## Task item
Give the entries again exactly; drop the pictures.

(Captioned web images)
★ ★ ★ ★ ★

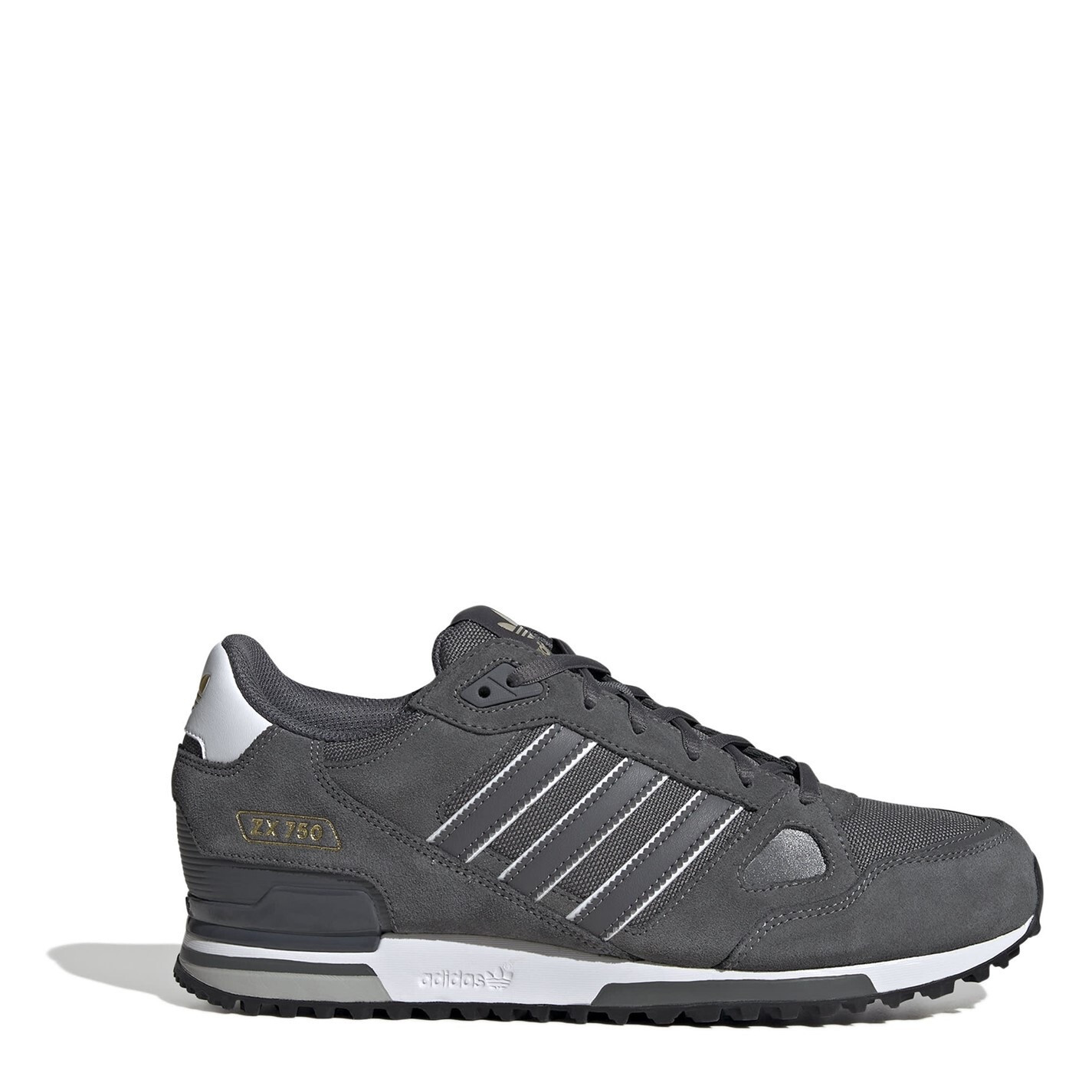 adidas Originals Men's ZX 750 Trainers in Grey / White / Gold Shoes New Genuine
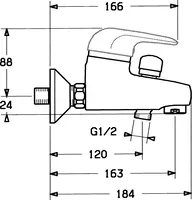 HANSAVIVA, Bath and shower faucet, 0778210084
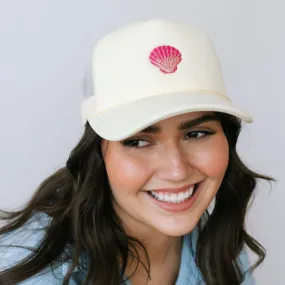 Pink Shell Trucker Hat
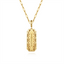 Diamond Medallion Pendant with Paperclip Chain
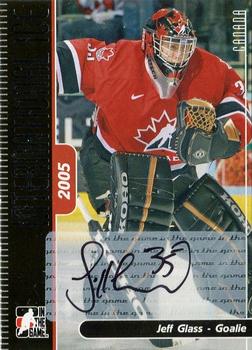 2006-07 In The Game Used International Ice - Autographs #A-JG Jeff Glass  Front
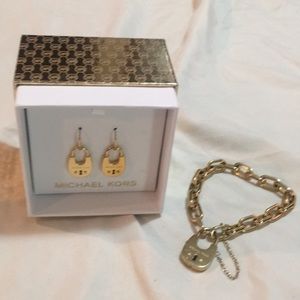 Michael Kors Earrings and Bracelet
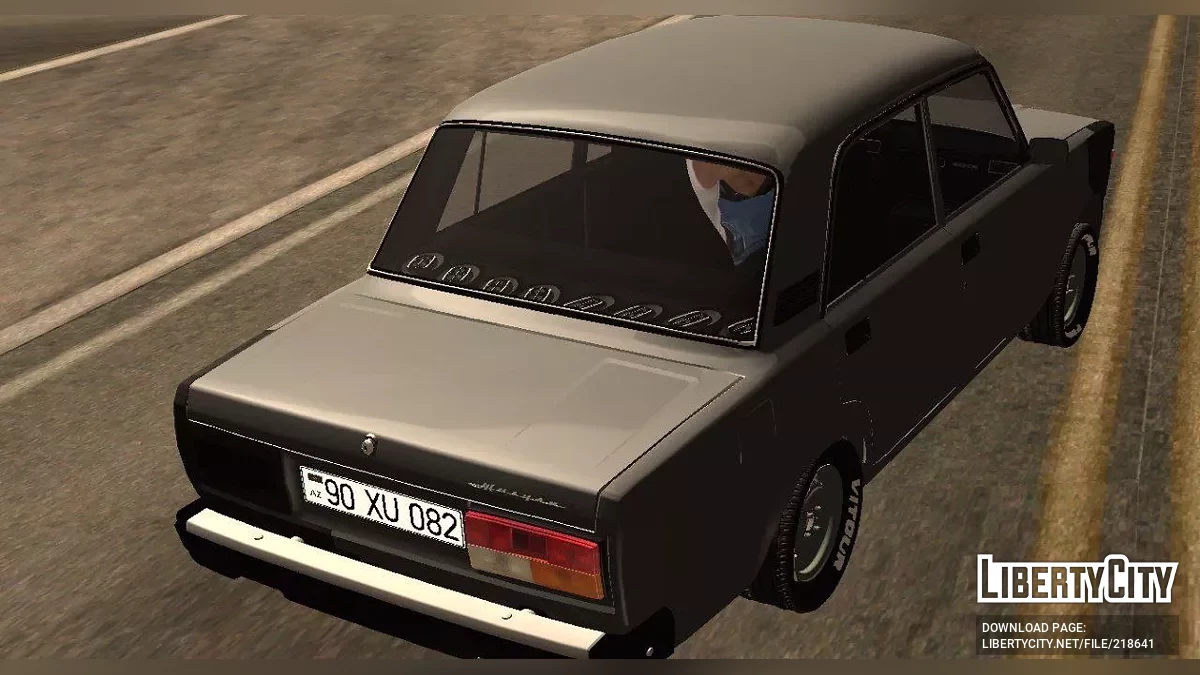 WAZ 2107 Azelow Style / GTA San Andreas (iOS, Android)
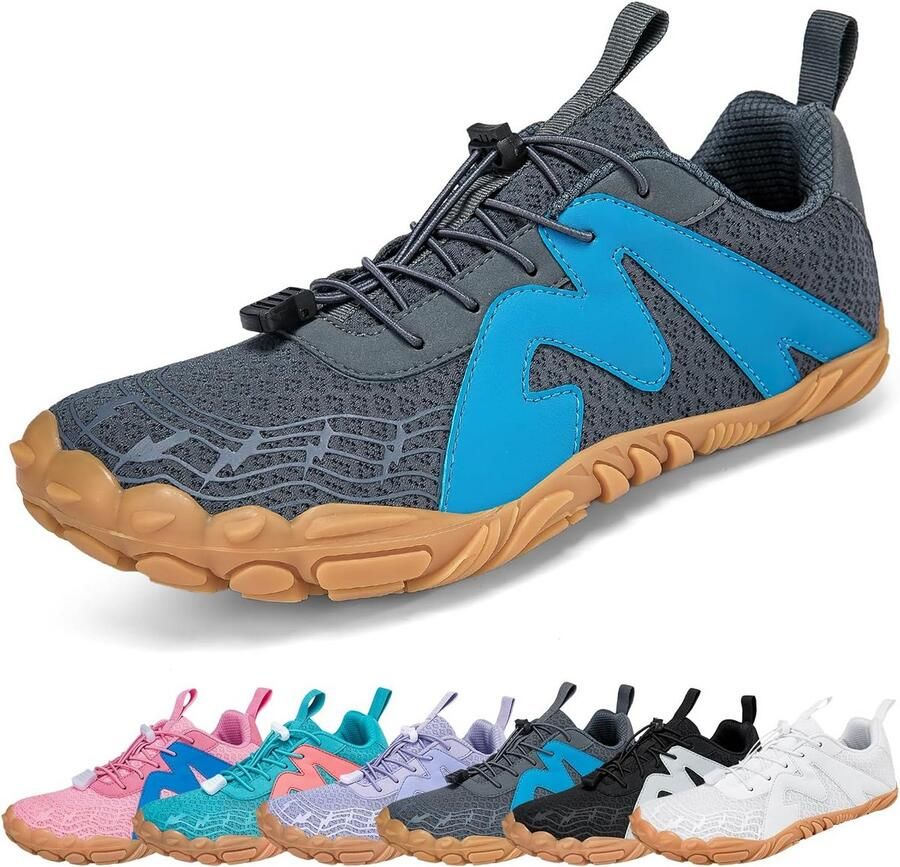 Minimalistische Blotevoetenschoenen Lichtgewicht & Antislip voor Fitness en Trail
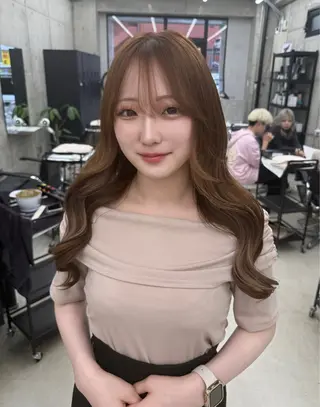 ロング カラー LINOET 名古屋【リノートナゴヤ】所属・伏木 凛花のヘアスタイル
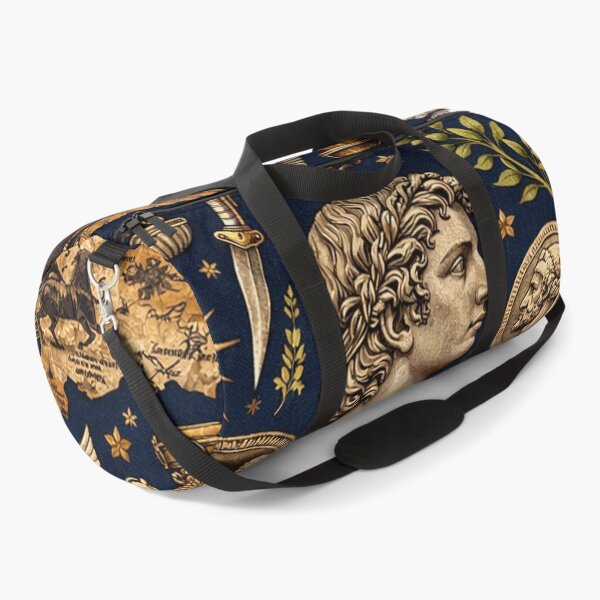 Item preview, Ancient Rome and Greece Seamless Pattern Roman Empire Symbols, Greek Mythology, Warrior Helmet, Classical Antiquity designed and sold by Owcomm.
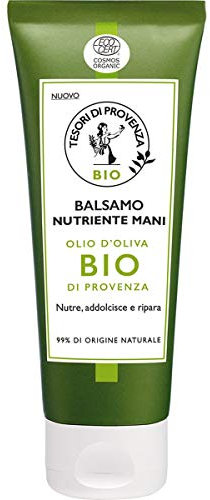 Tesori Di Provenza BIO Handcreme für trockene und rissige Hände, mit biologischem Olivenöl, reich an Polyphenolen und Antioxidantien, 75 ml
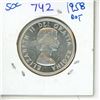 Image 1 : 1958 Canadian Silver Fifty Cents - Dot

★ ★ ★ ★ ★

## Result
 adidas Originals Men's ZX 750 Trainers in Grey / White / Gold Shoes New Genuine
 HANSAVIVA, Bath and shower faucet, 0778210084
 Pink Shell Trucker Hat
 Diamond Medallion Pendant with Paperclip Chain
 2006-07 In The Game Used International Ice - Autographs #A-JG Jeff Glass  Front
 Michael Kors Earrings and Bracelet
 WAZ 2107 Azelow Style / GTA San Andreas (iOS, Android)
 Minimalistische Blotevoetenschoenen Lichtgewicht & Antislip voor Fitness en Trail
 ロング カラー LINOET 名古屋【リノートナゴヤ】所属・伏木 凛花のヘアスタイル
 Item preview, Ancient Rome and Greece Seamless Pattern Roman Empire Symbols, Greek Mythology, Warrior Helmet, Classical Antiquity designed and sold by Owcomm.
 Tesori Di Provenza BIO Handcreme für trockene und rissige Hände, mit biologischem Olivenöl, reich an Polyphenolen und Antioxidantien, 75 ml
 Image 1 : 1958 Canadian Silver Fifty Cents - Dot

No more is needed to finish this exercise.